### Activity
What you return must be the data below, word for word, without any images.

### Material provided
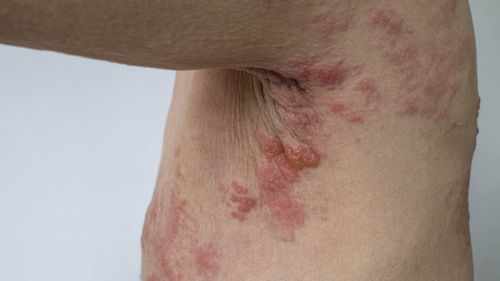 Shingles is a viral infection that causes a painful, blistering rash.It is caused by the same virus as chickenpox, called the varicella zoster virus.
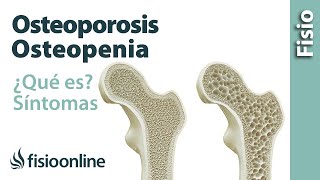 Osteoporosis y osteopenia  Qué es causas síntomas y tratamiento [upl. by Ainav]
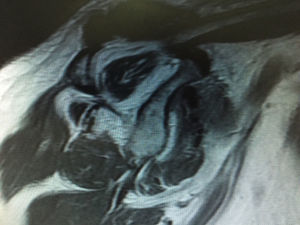 Infiltración de grado III.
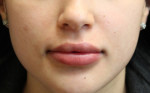 Lip Augmentation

### Response to this task
 Shingles is a viral infection that causes a painful, blistering rash.It is caused by the same virus as chickenpox, called the varicella zoster virus.
 Osteoporosis y osteopenia  Qué es causas síntomas y tratamiento [upl. by Ainav]
 Infiltración de grado III.
 Lip Augmentation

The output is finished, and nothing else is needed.